Using the Underlying SLO Metrics
When the SLO center begins calculating your SLO statuses, it uses Recording Rules to store the results of those calculations. This makes for faster UI loading times, and minimises query volumes issued to customer backed cloud object storage. This has the added advantage of making the underlying values that power the SLO center available anywhere in the platform.
The metrics written by the SLO center
The SLO center writes a set of metrics, via Recording Rules. These metrics appear as Prometheus time series values that can be leveraged in custom dashboards, alerts, the visual explorer and more.

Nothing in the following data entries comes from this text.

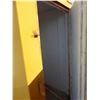 Image 5 : Explosive Box, 95"x84"x46" Deep c/w door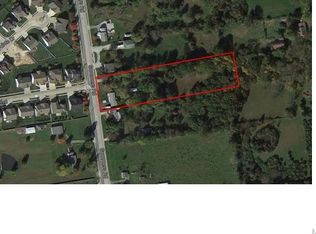 2480 Sommers Rd, Lake Saint Louis, MO 63367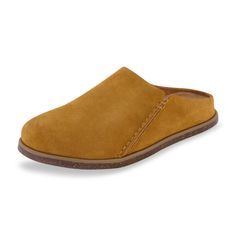 PRICES MAY VARY. Premium Genuine Suede Upper Easy on / off Removable padded insole Non slip traction outsole Women's Cushionaire comfort Cork footbed clog. Stay cool with these high quality clogs that will give you comfort throughout your day. Cheap Brown Clogs With Removable Insole, Cheap Comfortable Clogs With Leather Footbed, Comfortable Clogs With Leather Footbed, Cheap Women's Clogs With Leather Footbed, Luxury Casual Suede Mules, Dress Sandals Flat, Cozy Boots, Footbed Sandals, Slippers Cozy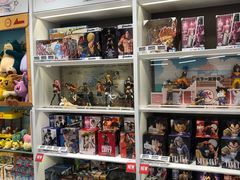 -泡泡玛特POPMART(蓝色港湾店)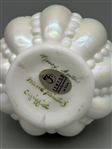 (3) Pieces of Fenton Glass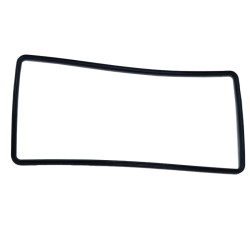 EPDM Rectangular Sealing Rings, fit various shell components, new energy vehicles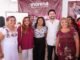 Milo Barrera destaca 15 años de Morena y refrenda compromiso con la transformación en Yucatán
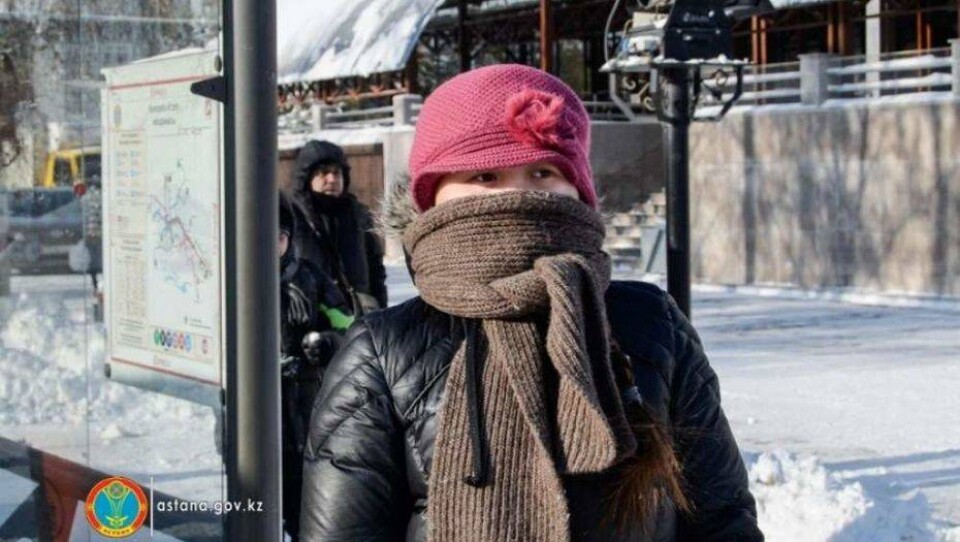 В Семее отменили уроки в начальных классах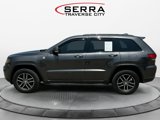 Used 2018 Jeep Grand Cherokee Trailhawk image 2
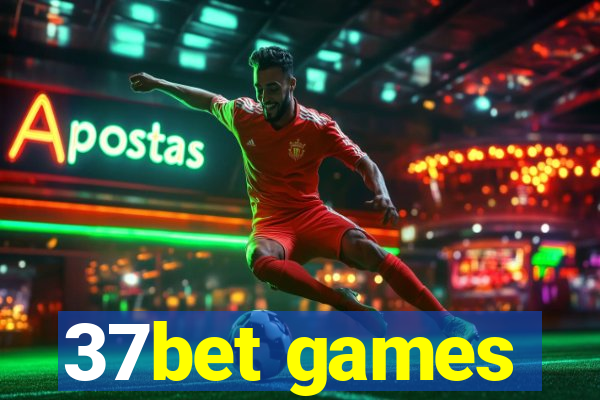 37bet games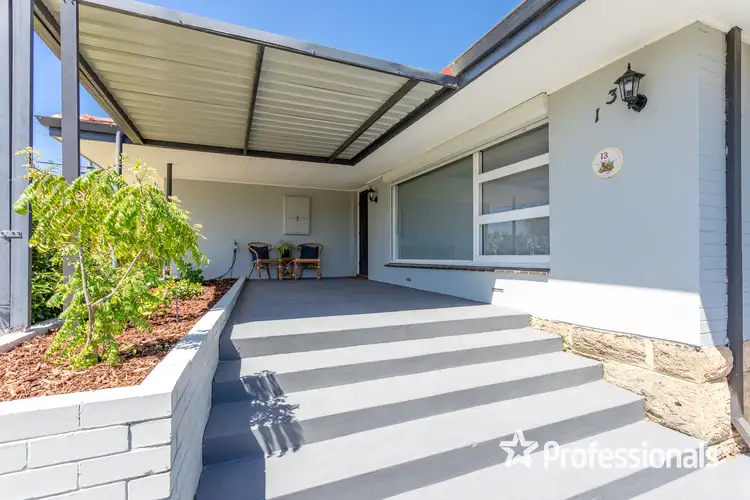 Fifth view of Homely house listing, 13 Lucich Street, Kelmscott WA 6111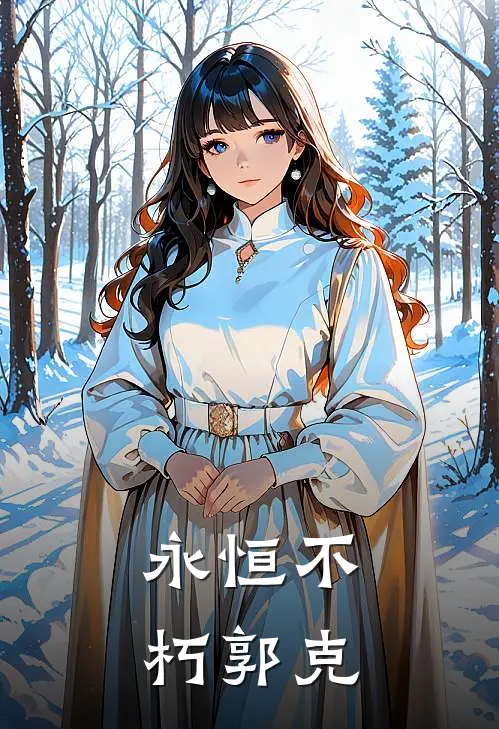 永恒不朽郭克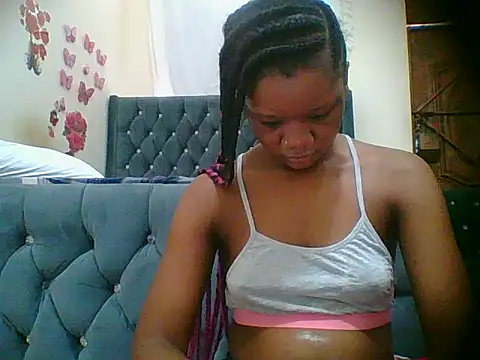 HotJeylee online show from December 2025 07:14:02 AM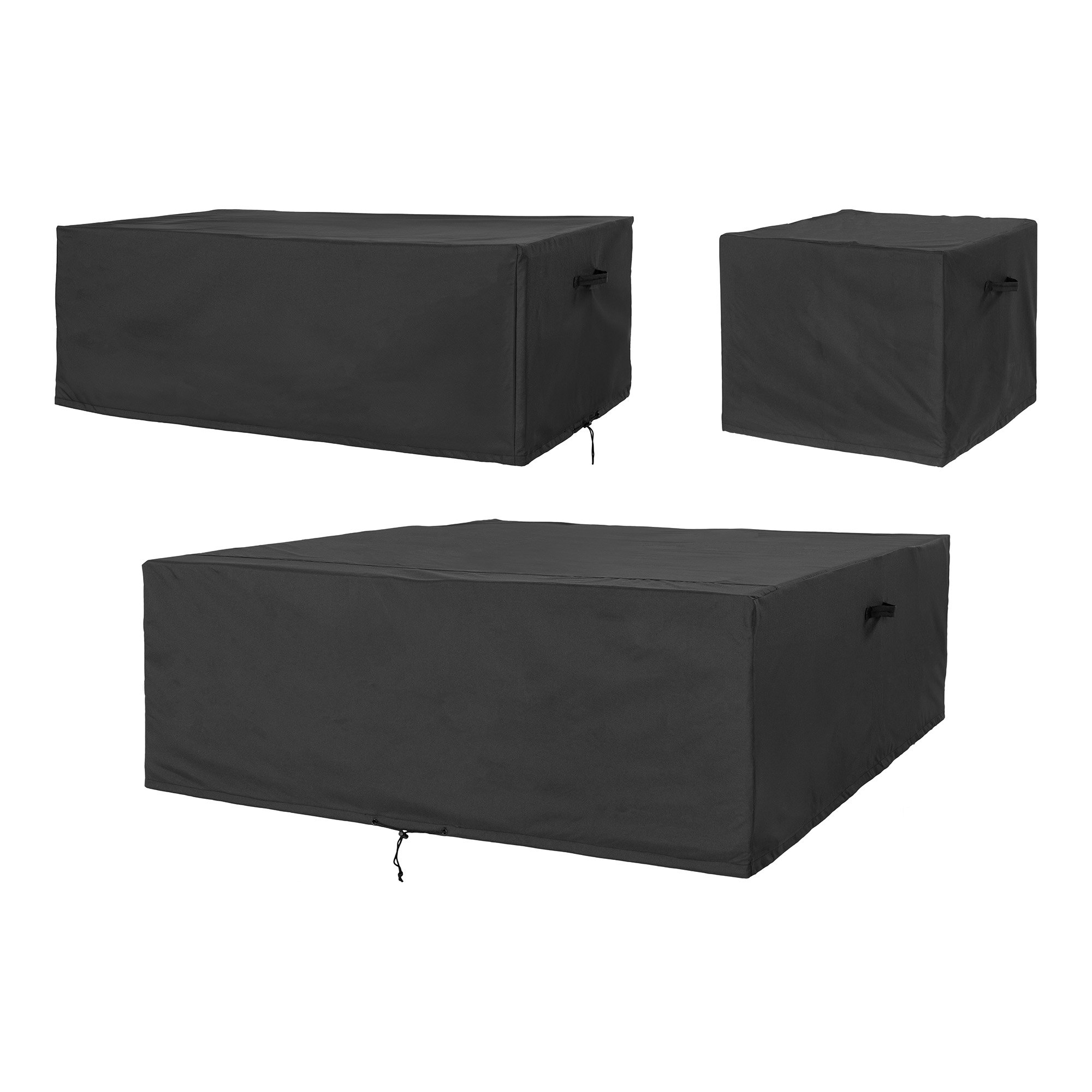 Luxury Hoes voor Modulaire Loungeset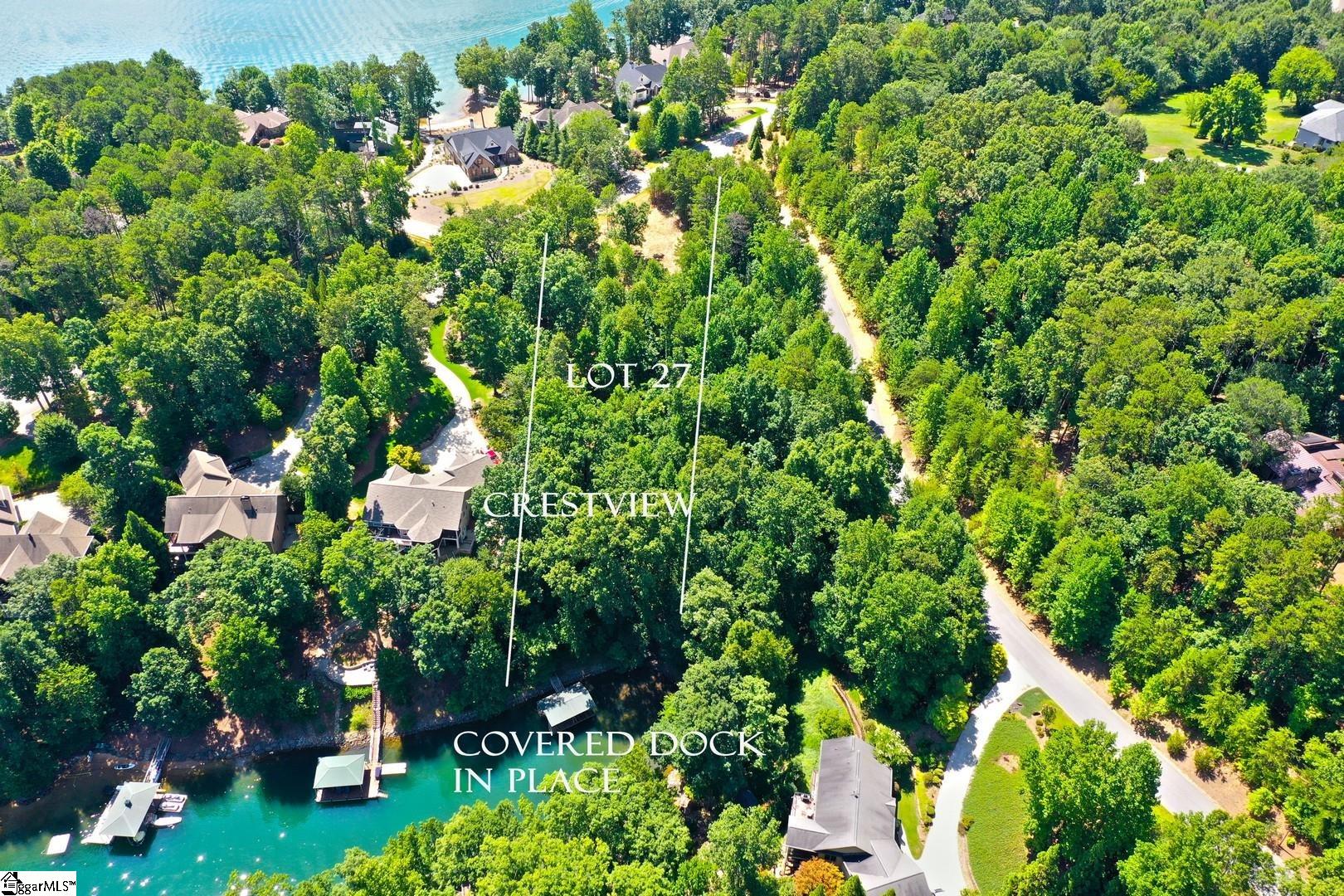 27 Crest Pointe Drive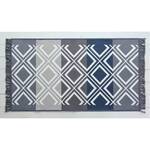 Ковёр 80x150 Mathis Indigo/Gri Pavia (402268)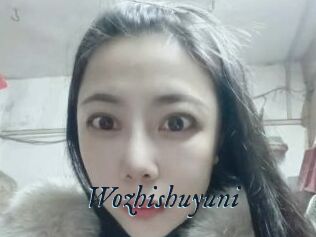 Wozhishuyuni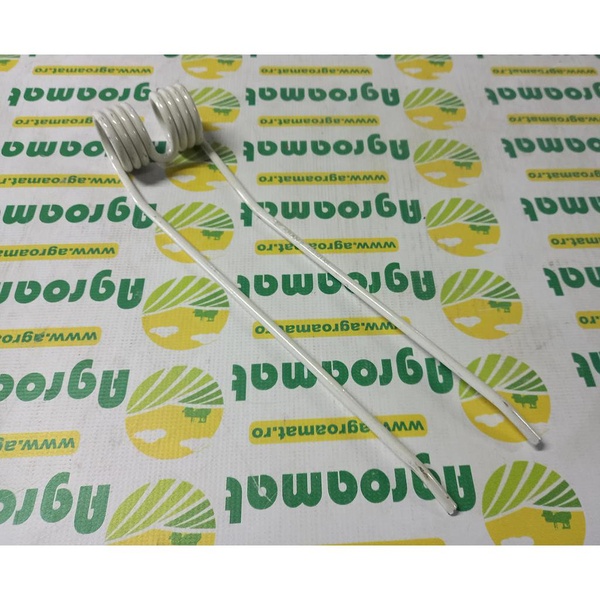 Deget Grebla 445x89x8x40mm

Metric Name | Description | Valid Values | SLO Types |
---|---|---|---|
cx:slo:request:total_events | A count of the total events (the result of the "all events" query in the SLO center UI) | 0 - * | Request-based |
cx:slo:request:good_events | A count of the good events (the result of the "good events" query in the SLO center UI) | 0 - * | Request-based |
cx:slo:target | The target compliance for the SLO. For example, if set to 95%, then the value is 95 . | 0 - 100 | Request-based, Window-based |
cx:slo:statuses:hourly | A numerical representation of the status of the SLO, calculated on an hourly aggregation. (See below for mapping of number to status description) | 0 - 4 | Request-based, Window-based |
cx:slo:window | A value indicating the evaluation within each time window (was it successful or not) | 0 - 1 | Window-based |
Are total and good events counter or gauge metrics?
A counter metric is a variable that is always increasing. A gauge can go up or down. For cx:slo:request:total_events
and cx:slo:request:good_events
, it depends on the underlying query. For example, if cx:slo:request:total_events
is defined as sum(calls_total) by (country)
, assuming that calls_total
is a counter metric, then the resultant metric will be a counter too. However, if the metric is more like increase(calls_total) by (country)
, this converts the overall type into a gauge.
This means that the metric type will be different for different SLOs, based on the underlying user-defined queries that power the SLI calculations.
How to figure out which metric belongs to which SLO
Every metric is labelled with slo_id
. This value corresponds to the underlying ID of the SLO. This can be pulled from the URL when exploring the SLO in the user interface.
When working with the metrics for a given SLO, you can filter the PromQL metric by the relevant slo_id
.
This will capture only those metric values pertaining to the SLO in question. Every query will likely require this filter.
Where to find the underlying SLO metrics
SLO metrics are defined using Recording Rules. Recording rules can be accessed under Data Flow
in the menu. Each SLO defines a new Recording Rule group, which bundles together all relevant metrics for a specific SLO.
Note, as is indicated above, different metrics will be available based on the SLO type.
Mapping SLO status values to descriptions
The following table explains the SLO statuses and their numerical representations:
Value | Name | Description |
---|---|---|
0 | Breached | There is no error budget remaining, and the overall SLO has been breached. |
1 | Critical | There is less than 25% of the error budget remaining. |
2 & 3 | Warning | There is between 25% and 75% of the error budget remaining. |
4 | OK | There is more than 75% of the error budget remaining. |